Hommage posthume à Alhassane Assilila : Assil, pour toujours…

Un ami vient de nous quitter. La faucheuse impitoyable a pris très tôt jeudi 10 décembre, l’âme de notre ami et frère Alassane Assilila. Notre peine est grande et incommensurable. Cette disparition subite nous consterne et nous affecte au plus profond de notre être. Ce, d’autant plus que la distance nous sépare en ces moments tragiques….

Alhassane Assilila, que nous appelons affectueusement Assil, était connu de tous, ses amis, collègues, les annonceurs et clients de l’ONEP comme une personne attachante, très serviable et dotée d’une grande intelligence émotionnelle.

Il faut connaitre Assil comme nous avions eu la chance de faire partie de son cercle pour savoir tout l’amour qu’il portait à ses concitoyens et, de manière générale, à tous les hommes, son humanisme ainsi que sa bonté même envers ceux qui ne l’aimaient pas justement pour sa candeur, sa bonhomie et sa perpétuelle bonne humeur.

Un fait caractérise Assilila: son manque d’animosité ! En trente ans de fréquentation je ne me rappelle pas l’avoir entendu une seule fois insulter ou dénigrer quelqu’un. Un froncement de cils suivi d’un haussement d’épaules est le plus souvent sa réponse aux différends nés de ses interactions sociales.

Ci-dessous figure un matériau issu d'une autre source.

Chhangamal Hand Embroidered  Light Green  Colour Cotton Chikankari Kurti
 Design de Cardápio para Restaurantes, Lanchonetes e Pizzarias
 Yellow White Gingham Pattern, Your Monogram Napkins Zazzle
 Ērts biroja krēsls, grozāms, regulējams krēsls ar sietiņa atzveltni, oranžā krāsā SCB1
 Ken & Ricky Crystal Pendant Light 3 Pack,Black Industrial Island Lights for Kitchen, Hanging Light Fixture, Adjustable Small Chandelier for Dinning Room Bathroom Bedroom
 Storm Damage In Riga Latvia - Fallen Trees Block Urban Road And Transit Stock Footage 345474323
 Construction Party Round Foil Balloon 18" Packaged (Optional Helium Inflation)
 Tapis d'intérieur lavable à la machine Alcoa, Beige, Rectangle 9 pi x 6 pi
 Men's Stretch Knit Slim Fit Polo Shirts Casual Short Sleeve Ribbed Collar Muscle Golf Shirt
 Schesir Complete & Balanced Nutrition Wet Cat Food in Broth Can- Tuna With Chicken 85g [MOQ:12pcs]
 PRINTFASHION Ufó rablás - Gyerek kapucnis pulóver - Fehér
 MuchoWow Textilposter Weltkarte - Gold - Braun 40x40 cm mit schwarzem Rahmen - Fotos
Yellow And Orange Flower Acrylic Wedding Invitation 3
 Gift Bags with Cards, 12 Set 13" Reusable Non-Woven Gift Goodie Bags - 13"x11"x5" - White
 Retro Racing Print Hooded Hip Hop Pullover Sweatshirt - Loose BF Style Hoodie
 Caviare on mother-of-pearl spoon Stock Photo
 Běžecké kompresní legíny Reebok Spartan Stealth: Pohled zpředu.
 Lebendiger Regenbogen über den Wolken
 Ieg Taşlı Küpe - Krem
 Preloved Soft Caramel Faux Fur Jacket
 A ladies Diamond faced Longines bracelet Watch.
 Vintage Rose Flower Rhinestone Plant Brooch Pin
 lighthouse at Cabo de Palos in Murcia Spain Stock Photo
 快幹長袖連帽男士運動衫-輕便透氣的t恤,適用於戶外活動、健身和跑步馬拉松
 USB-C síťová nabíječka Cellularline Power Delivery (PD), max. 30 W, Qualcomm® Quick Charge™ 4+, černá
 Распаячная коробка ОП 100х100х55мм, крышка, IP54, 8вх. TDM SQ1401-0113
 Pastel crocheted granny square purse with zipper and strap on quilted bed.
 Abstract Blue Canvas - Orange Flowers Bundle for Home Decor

Il avait une bonne humeur constante, communicante qui savait mettre son interlocuteur à l’aise, en confiance. Les responsables du journal ‘’Le Sahel’’ ne se sont pas trompés en le nommant au poste de Chef de service Publicités et Communiqués, un poste névralgique de l’Office qui requiert de la part de son titulaire beaucoup de patience et de don de soi, tant certaines sollicitations de la clientele sont difficiles à gérer. Jamais l’adage qui dit «l’homme qu’il faut à la place qu’il faut» n’a trouvé autant de sens qu’avec sa nomination dans cette dernière fonction. Tu t’en es sorti avec brio après avoir servi à ce poste avec abnégation, professionnalisme et une fidélisation de la clientèle de l’Office. Le poste de Directeur commercial que tu occupais au moment de ta rencontre avec ton destin n’est qu’une consécration de tes capacités.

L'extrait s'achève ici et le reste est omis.